→ BRIEF
Could you repeat the entries below exactly, but only from the line with "Detail Gallery Image" through the line with "2002 Toyota Avalon", and without any picture?

→ DATA TO USE
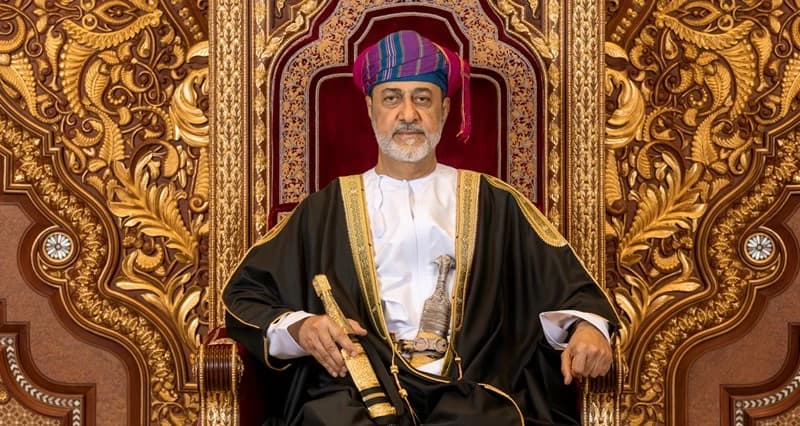 سلطان يعود إلى البلاد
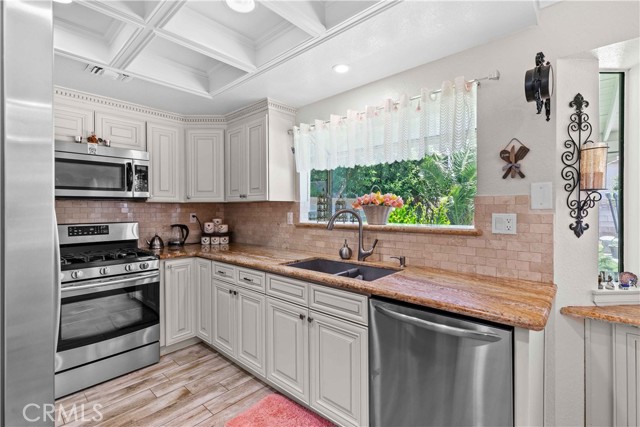 Detail Gallery Image 18 of 67 For 42962 Burlwood Dr, Lancaster,  CA 93536 - 4 Beds | 2/1 Baths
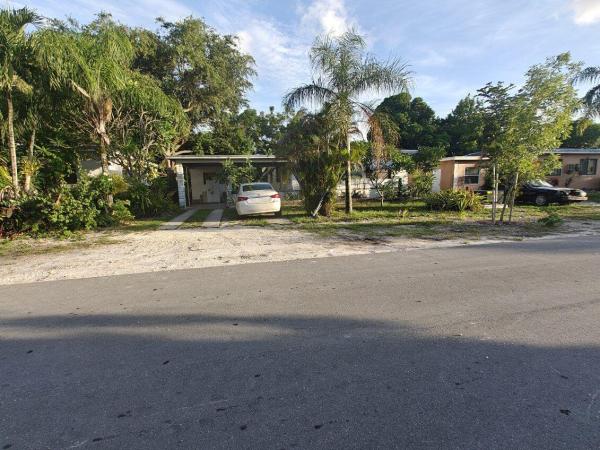 Fulford Highlands, 266 NE 162nd St, Golden Glades, Florida 33162, image 1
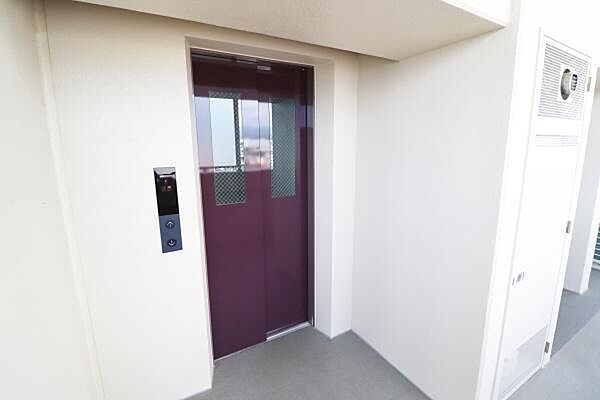 エレベーター1基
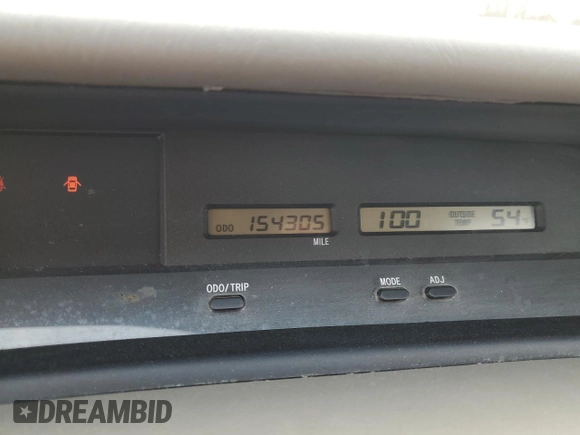 2002 Toyota Avalon XL with VIN 4T1BF28B42U250096, listed as a Copart auction lot 51817975 with 154,305 mi miles and Salvage Title. Bid and sale history available at DreamBid. Image 9.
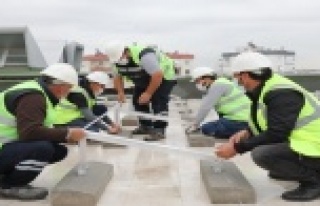 Antalya Büyükşehir Belediyesi enerjisini güneşten...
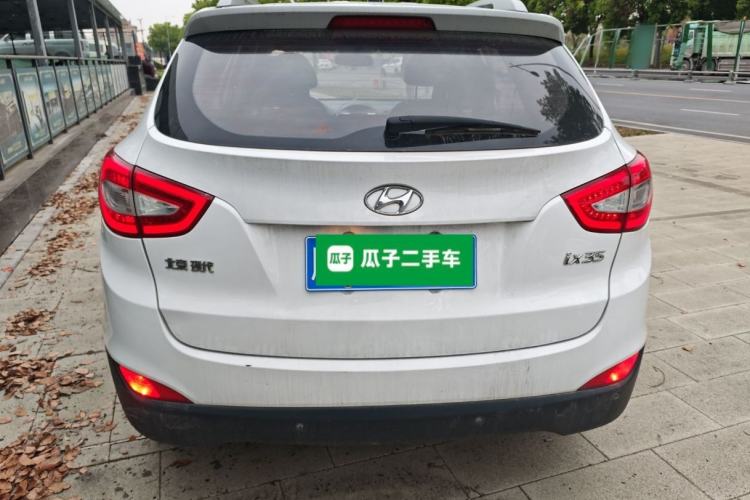Used Hyundai ix35 2015 2.0L Automatic 2WD Smart Version China V Standard
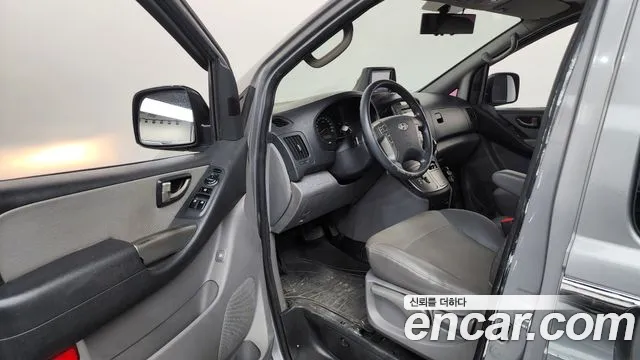 Hyundai Starex 2012 thumb 10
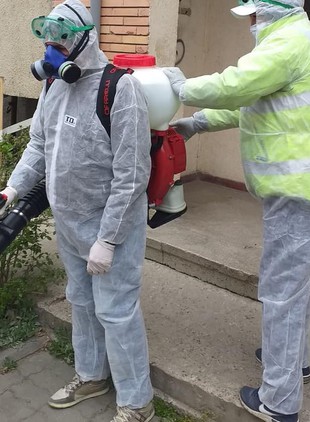 Primăria Slobozia începe dezinfectarea scărilor de bloc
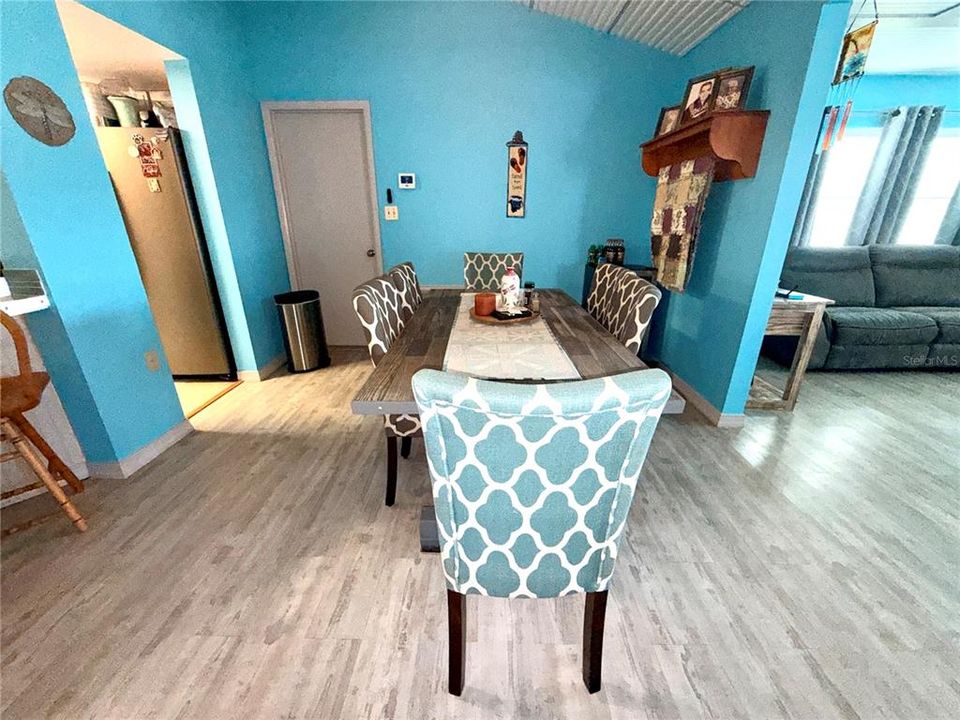 На продажу: $260,000 (3 спален, 2 ванн, 1499 Квадратных фут)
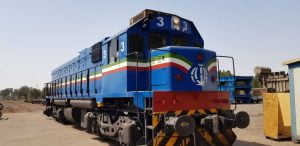 بازسازی و رنگ آمیزی لکوموتیو شماره ۳ شرکت فولاد خوزستان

→ FINISHED TASK
 Detail Gallery Image 18 of 67 For 42962 Burlwood Dr, Lancaster,  CA 93536 - 4 Beds | 2/1 Baths
 Fulford Highlands, 266 NE 162nd St, Golden Glades, Florida 33162, image 1
 エレベーター1基
 2002 Toyota Avalon XL with VIN 4T1BF28B42U250096, listed as a Copart auction lot 51817975 with 154,305 mi miles and Salvage Title. Bid and sale history available at DreamBid. Image 9.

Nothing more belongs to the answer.